The Press Gazette has been bumping along, barely getting by, for a while now so while today’s announcement is somewhat of a shock it can’t be said to be a surprise.
The publication will be mourned by those in the media and rightly so. Not too long ago it was still essential reading. Even when it switched from a weekly to a monthly and got by on reduced staff it was still worth reading, if only as a place where you could get a reasonably comprehensive roundup of national, local and regional and it still provided food for thought.
But the writing has been on the wall for a while, as illustrated nicely by Dave Lee’s anecdotal post. It was still important reading but not vital reading. It was useful but the website wasn’t a daily must-read.
If anything its demise acts as a pretty good barometer and illustration of the industry itself. It was struggling with declining revenues, cutting costs, struggling with whether it was a print or online publication and, most importantly of all, struggling to stay relevant in an online world. It was just about managing this, but having mediaguardian.co.uk as a competitor didn’t help.
More worrying is what this means – and says – about the media itself. We’ve already seen other big name publications, most notably Maxim, disappear from our shelves.
And while we’re not quite at the levels of the US where several big names have gone, local press is seriously struggling to keep going here. Plenty of people I’ve trained with, worked with or have got to know have been made redundant or have been asked to work shorter hours. The prognosis is not good.
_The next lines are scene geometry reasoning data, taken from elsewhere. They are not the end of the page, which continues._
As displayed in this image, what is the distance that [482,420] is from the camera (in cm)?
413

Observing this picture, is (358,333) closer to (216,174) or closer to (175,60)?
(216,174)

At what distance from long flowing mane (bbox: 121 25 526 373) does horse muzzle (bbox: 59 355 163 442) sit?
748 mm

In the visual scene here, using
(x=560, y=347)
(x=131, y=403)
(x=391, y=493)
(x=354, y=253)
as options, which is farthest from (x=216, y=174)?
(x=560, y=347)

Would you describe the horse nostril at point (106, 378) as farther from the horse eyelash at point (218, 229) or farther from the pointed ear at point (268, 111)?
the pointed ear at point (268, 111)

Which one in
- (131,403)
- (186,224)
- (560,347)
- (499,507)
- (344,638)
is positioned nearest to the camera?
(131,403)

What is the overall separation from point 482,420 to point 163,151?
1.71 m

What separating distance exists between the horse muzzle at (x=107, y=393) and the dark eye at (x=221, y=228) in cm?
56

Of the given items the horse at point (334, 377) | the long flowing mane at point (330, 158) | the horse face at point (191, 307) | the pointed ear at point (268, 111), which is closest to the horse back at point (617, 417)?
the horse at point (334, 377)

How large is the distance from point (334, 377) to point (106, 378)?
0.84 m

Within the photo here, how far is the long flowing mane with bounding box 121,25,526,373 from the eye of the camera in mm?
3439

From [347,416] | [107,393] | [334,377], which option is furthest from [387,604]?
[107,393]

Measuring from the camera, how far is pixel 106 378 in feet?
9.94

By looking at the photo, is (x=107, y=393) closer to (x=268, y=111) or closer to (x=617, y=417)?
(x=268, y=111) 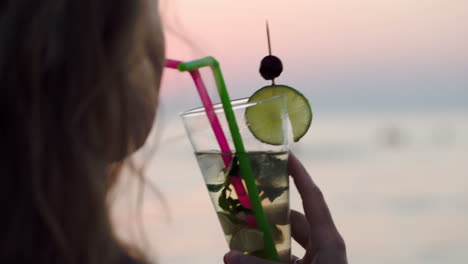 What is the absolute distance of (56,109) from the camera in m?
0.92

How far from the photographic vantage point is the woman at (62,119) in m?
0.90

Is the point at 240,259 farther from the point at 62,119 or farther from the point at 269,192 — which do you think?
the point at 62,119

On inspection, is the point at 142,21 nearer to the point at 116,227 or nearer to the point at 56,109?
the point at 56,109

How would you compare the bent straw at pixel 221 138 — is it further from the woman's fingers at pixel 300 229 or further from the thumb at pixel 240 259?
the woman's fingers at pixel 300 229

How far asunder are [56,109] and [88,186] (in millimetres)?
119

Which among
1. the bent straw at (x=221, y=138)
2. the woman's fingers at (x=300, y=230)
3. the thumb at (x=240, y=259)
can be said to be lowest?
the woman's fingers at (x=300, y=230)

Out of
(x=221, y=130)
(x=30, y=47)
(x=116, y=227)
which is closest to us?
(x=30, y=47)

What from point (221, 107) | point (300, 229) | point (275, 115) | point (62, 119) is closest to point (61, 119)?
point (62, 119)

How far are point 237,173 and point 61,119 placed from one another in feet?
1.47

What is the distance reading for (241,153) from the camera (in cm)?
126

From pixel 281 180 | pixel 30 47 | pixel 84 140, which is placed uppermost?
pixel 30 47

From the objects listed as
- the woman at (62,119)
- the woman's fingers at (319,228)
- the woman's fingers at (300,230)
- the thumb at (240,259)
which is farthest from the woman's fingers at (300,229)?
the woman at (62,119)

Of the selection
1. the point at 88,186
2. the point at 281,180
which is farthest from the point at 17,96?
the point at 281,180

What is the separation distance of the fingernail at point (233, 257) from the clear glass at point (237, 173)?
0.05 m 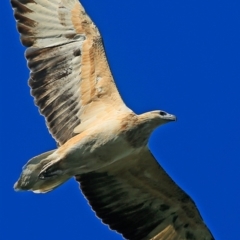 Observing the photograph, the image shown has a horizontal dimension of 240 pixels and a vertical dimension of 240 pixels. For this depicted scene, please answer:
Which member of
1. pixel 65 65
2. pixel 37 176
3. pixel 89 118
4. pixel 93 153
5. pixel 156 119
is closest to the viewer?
pixel 156 119

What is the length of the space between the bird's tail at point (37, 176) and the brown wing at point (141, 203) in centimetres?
93

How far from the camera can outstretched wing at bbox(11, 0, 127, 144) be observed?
1627 centimetres

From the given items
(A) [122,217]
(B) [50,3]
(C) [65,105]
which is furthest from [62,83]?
(A) [122,217]

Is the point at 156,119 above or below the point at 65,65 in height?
below

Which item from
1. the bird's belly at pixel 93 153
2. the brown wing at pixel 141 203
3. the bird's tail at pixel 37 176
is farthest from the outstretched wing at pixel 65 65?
the brown wing at pixel 141 203

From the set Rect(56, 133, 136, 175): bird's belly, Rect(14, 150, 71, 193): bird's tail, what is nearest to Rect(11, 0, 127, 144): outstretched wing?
Rect(14, 150, 71, 193): bird's tail

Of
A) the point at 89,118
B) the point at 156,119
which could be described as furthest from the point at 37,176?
the point at 156,119

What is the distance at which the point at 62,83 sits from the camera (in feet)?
55.0

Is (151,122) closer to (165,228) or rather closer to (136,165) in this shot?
(136,165)

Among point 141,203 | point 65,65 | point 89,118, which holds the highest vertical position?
point 65,65

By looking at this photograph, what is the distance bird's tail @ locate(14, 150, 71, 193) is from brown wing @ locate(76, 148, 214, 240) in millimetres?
929

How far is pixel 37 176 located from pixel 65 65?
2221 mm

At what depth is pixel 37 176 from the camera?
51.2 feet

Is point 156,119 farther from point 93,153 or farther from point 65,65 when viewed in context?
point 65,65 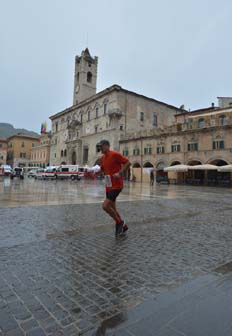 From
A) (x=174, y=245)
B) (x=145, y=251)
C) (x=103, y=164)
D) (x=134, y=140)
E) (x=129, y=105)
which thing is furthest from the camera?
(x=129, y=105)

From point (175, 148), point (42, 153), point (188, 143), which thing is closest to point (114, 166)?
point (188, 143)

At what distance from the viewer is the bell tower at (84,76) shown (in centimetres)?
5941

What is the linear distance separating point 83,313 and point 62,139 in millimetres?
64067

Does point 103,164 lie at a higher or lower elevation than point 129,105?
lower

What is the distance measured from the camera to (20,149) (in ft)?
276

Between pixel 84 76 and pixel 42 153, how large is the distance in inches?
1182

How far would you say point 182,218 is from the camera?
6750 millimetres

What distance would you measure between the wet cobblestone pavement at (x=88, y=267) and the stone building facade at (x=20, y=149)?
280 feet

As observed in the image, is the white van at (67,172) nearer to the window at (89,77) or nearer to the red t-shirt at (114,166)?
the window at (89,77)

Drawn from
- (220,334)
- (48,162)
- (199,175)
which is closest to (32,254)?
(220,334)

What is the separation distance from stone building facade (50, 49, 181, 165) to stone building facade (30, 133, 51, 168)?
5.33 meters

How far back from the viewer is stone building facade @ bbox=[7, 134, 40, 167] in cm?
8350

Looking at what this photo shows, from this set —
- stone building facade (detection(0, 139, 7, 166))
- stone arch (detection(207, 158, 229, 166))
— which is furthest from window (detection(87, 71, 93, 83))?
stone arch (detection(207, 158, 229, 166))

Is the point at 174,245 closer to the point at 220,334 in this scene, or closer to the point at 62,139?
the point at 220,334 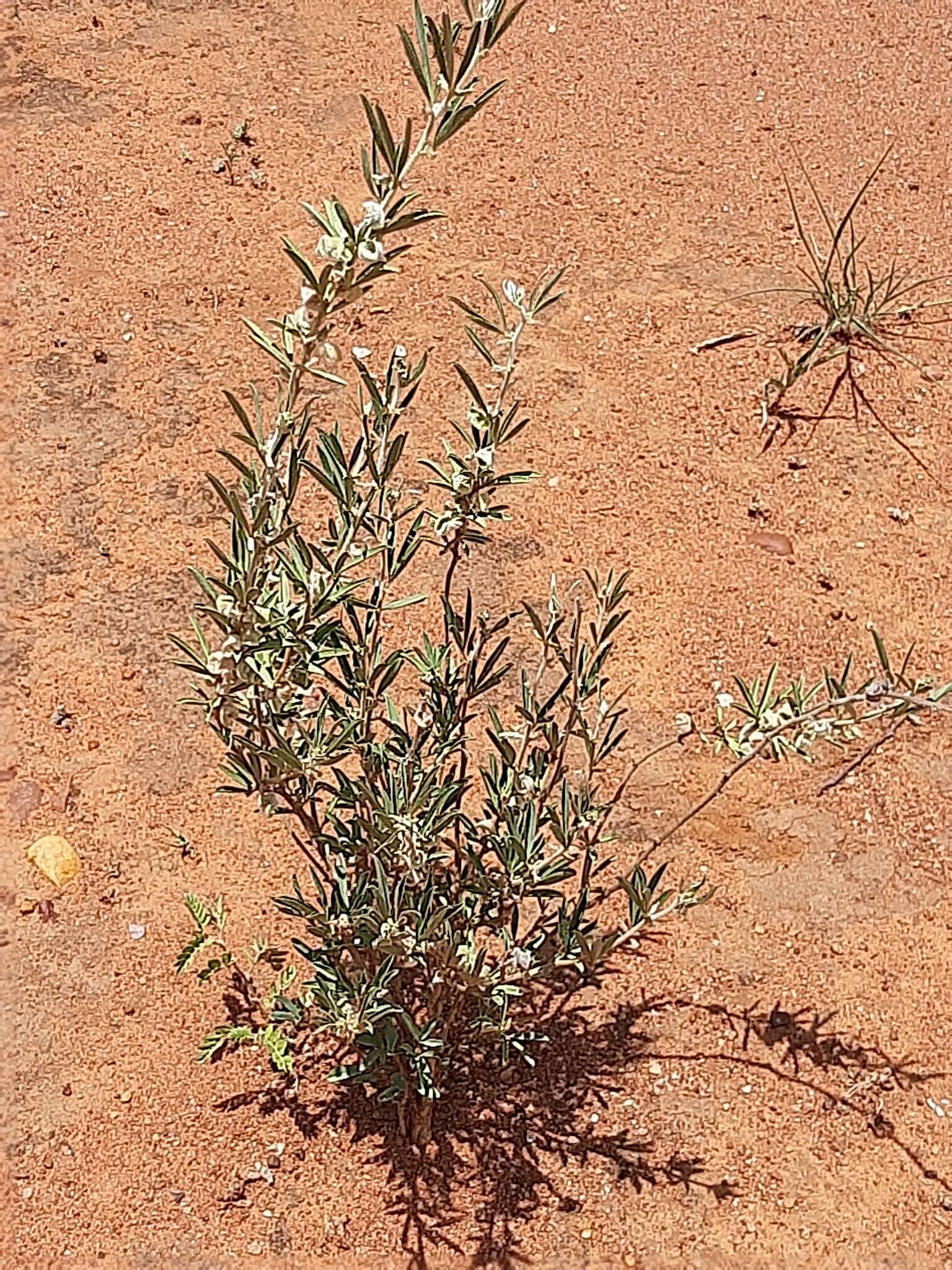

Roy Greenslade asks if anybody will be willing to save the Press Gazette. But we’ve been here before and the publication has just lurched from one owner to another, struggling to stay alive all the time.
And this is, let’s not forget, a media industry that, for whatever reason, cannot make a magazine about media aimed squarely at them work .
The industry will be much the poorer without the Press Gazette, especially as it seems their online offering won’t actually offer any proper journalism after the start of May (which kind of defeats the point in keeping it going). Hopefully somebody will give it the proper send off, the celebration of its life that it deserves.
It’s going to be a long hard year for the media, sadly. I still maintain that the cycle will come back round at some point (whenever that may be) and the industry will pick up.
But quite what the industry will look like at that stage is anybody’s guess. That the business model has to change is beyond doubt, but if anybody had a clue on how best to change it, it would have happened long before now.
 Although this is a slightly simplistic way of looking at it and the various owners can be said to play at part in this.